_Exercise description:_
Only the stretch of the listing below that runs from the line with "Food fight! Red-tailed" through the line with "стафф Кингисепп" is to be printed, exactly and with both ends.

_Provided records:_
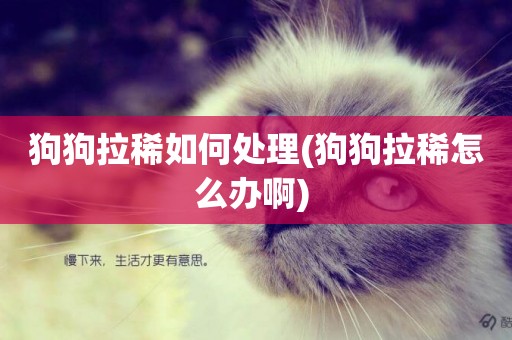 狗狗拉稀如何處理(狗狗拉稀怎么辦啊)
---
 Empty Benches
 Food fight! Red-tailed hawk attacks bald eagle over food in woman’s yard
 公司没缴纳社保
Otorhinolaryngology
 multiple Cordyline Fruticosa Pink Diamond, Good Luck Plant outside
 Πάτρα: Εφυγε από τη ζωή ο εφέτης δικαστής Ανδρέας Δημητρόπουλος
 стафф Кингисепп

_Solved exercise:_
 Food fight! Red-tailed hawk attacks bald eagle over food in woman’s yard
 公司没缴纳社保
Otorhinolaryngology
 multiple Cordyline Fruticosa Pink Diamond, Good Luck Plant outside
 Πάτρα: Εφυγε από τη ζωή ο εφέτης δικαστής Ανδρέας Δημητρόπουλος
 стафф Кингисепп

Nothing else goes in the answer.